Была достигнута предварительная договоренность с ереванским издательством «Наири» об издании стихов Ш.Цвижба отдельным сборником. Одновременно я работал и над «Апацхой» – книгой переводов на армянский язык произведений классиков и современных абхазских поэтов Д. Гулиа, Б. Шинкуба, Т. Чаниа, А. Джонуа, Б. Гургулиа, Г. Аламиа и др., отдельные переводы из которой были уже представлены армянскому читателю.
Но, к сожалению, начавшаяся грузино-абхазская война перечеркнула мои творческие планы.
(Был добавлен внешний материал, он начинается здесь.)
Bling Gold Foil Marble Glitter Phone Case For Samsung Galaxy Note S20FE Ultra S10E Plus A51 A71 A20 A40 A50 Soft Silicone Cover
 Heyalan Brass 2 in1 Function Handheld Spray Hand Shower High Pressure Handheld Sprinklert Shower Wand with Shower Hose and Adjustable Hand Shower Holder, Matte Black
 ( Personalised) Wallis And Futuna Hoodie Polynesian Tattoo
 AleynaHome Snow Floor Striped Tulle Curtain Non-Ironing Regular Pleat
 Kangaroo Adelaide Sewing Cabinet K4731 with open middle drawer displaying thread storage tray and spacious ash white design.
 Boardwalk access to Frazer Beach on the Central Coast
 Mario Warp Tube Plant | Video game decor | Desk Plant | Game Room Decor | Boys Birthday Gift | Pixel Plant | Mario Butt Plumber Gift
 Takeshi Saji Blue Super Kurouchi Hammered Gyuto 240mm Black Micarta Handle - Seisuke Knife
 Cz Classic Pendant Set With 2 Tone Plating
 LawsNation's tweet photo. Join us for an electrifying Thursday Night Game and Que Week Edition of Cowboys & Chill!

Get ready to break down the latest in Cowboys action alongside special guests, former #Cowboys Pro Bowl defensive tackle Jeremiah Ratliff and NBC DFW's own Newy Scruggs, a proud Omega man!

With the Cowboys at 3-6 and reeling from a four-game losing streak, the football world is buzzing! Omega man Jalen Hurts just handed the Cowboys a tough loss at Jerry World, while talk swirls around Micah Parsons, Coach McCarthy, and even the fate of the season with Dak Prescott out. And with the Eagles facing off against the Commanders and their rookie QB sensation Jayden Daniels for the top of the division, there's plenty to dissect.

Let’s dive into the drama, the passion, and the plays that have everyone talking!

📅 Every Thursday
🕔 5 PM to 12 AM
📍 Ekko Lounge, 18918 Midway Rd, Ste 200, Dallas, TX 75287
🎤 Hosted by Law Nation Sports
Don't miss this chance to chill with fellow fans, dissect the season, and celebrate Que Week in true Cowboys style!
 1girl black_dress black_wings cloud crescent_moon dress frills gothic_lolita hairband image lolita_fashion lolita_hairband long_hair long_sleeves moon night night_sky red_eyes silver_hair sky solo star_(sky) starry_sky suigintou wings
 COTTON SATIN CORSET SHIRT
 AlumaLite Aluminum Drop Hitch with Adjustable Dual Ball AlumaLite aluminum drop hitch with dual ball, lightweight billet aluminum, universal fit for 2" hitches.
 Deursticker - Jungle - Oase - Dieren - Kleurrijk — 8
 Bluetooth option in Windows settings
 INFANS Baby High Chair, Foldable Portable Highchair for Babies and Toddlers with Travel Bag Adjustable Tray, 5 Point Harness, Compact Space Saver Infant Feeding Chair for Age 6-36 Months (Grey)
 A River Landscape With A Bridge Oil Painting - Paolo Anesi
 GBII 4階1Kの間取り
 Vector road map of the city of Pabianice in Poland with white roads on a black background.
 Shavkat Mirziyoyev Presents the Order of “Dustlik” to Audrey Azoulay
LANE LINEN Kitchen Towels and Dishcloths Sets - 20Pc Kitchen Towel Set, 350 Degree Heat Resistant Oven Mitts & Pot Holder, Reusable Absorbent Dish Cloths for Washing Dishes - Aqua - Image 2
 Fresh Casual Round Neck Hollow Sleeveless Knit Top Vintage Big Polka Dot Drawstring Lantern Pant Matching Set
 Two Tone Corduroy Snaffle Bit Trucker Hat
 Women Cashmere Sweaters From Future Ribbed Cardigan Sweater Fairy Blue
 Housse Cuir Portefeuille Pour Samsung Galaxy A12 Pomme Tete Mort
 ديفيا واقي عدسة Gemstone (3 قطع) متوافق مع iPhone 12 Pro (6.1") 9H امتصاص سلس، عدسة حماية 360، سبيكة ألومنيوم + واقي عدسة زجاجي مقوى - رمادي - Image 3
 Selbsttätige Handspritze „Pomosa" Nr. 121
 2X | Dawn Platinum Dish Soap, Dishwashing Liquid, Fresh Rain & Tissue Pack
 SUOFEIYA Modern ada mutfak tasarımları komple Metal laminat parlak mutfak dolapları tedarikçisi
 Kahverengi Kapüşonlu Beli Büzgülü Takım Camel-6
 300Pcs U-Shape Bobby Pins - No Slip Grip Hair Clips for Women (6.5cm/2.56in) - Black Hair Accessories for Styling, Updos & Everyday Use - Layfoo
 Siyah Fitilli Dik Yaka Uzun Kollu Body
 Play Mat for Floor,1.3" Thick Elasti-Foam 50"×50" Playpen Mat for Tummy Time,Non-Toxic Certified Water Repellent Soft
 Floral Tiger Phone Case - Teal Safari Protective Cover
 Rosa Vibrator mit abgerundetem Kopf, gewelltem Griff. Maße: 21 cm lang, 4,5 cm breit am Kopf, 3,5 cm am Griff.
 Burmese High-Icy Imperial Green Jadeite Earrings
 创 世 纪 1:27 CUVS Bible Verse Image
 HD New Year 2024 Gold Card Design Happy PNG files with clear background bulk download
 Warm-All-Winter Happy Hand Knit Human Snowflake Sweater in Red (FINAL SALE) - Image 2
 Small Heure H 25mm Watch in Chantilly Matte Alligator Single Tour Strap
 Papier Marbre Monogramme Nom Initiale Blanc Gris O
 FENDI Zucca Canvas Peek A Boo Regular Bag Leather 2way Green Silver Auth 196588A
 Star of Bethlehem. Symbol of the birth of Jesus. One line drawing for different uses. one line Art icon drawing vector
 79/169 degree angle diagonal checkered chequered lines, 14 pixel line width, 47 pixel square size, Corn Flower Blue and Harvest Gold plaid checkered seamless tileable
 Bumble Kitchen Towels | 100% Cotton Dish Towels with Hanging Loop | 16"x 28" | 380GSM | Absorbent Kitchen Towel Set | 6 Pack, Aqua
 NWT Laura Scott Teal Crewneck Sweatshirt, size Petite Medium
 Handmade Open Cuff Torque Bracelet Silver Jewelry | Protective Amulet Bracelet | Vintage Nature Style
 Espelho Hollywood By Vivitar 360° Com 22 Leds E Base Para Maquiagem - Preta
Большая часть переводов вместе с рукописями моего детского сборника «Особое кресло» и книги на русском языке «Мамин костер» были утеряны. Естественно, кое-что мне удалось восстановить по памяти и сохранившимся черновикам. Но это всего лишь небольшая часть моего пятнадцатилетнего кропотливого труда. Для меня это горькая и невосполнимая потеря, если не сказать больше.
...Сегодня на моем письменном столе лежат «Избранное» Егише Чаренца и поэтические книги Шалвы Цвижба, изданные в Москве: «Персиковая косточка», «Талисман» и посмертная «Стихи и поэмы». Первые две подарены мне автором. И каждый раз, листая эти сборники, я думаю о несостоявшемся творческом содружестве двух великих поэтов, о том, что могли они сделать, но не сумели и тем самым возложили на нас тяжелую и почетную ответственность: сделать достоянием армянского и абхазского народов достижения наших литератур.